Selasa, 15 September 2020 - 23:25 WIB
Hasbiah, memperlihatkan foto putranya, Anjas, yang tewas setelah dihantam peluru yang diduga berasal dari pistol milik oknum polisi. Foto: SINDOnews/Faisal Mustafa
MAKASSAR - Sorot mata Hasbiah masih labil, tampak memendam perasaan duka akibat kehilangan anak ketiganya Anjas. Putranya itu meregang nyawa tertembak peluru tajam milik oknum polisi dari Polsek Ujung Tanah, Minggu 30 Agustus 2020 lalu.

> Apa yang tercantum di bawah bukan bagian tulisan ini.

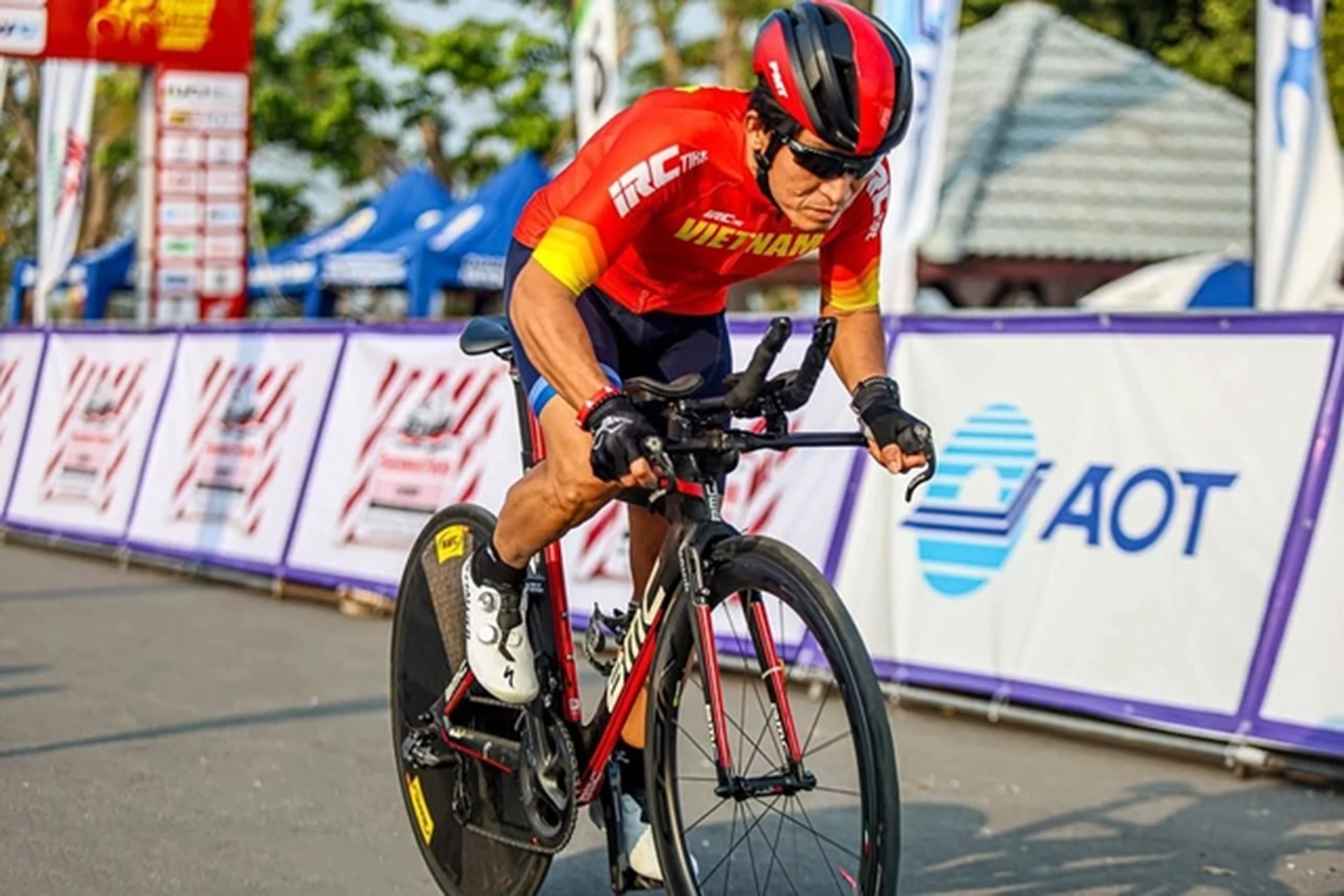 Tay đua Hoàng Hải Nam giành Huy chương Vàng châu Á hệ phong trào.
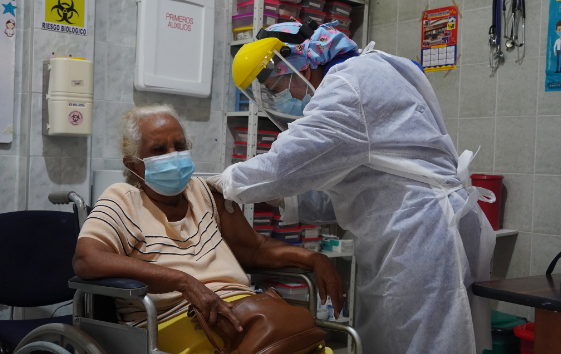 Ya inició la vacunación de adultos mayores en Barranquilla.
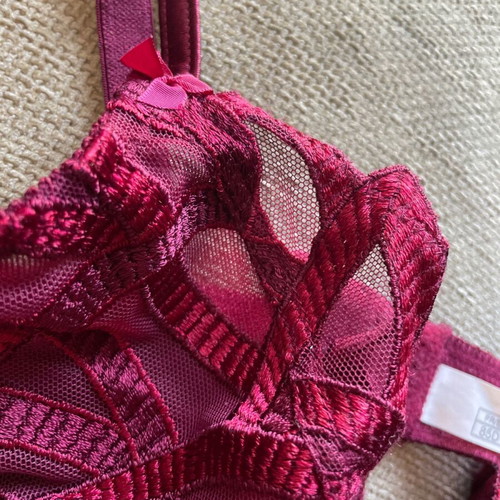 Wonderbra set burgundy lace with string unused and new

Mata wanita 45 tahun itu berkaca-kaca ketika ditemui SINDOnews di rumahnya, Jalan Barukang, Kelurahan Pattingallongan, Kecamatan Ujung Tanah, Kota Makassar, Selasa (15/9/2020), tepat pukul 17.45 Wita. Hasbiah sedikit lirih menceritakan kepergian anaknya yang pendiam dan pekerja keras itu.



Anjas pergi meninggalkan keluarga besarnya di usia 23 tahun. Hasbiah tak pernah menyangka insiden memilukan itu, merenggut nyawa buah hati yang bekerja serabutan di Pelabuhan Paotere . Nyawa Anjas tak tertolong walau sudah dirawat intensif di Rumah Sakit Bhayangkara .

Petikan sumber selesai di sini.